## WORK INSTRUCTION
Could you please output only the lines from the one holding "photo 12 素人娘みやこ" through the end of the listing below, exactly as written and without pictures?

## DATA EXCERPT
>>>>>
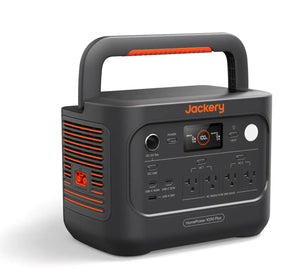 HomePower 1000 Plus v2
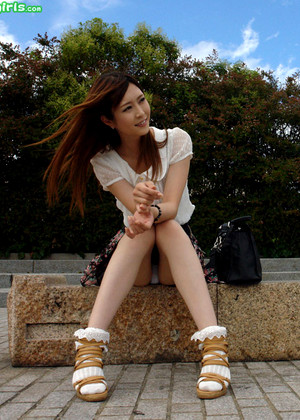 photo 12 素人娘みやこ 無修正エロ画像  Amateur Miyako jav model gallery #1 JapaneseBeauties AV女優ギャラリ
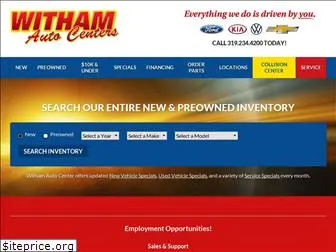 withamauto.com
<<<<<
## COMPLETED TASK
 photo 12 素人娘みやこ 無修正エロ画像  Amateur Miyako jav model gallery #1 JapaneseBeauties AV女優ギャラリ
 withamauto.com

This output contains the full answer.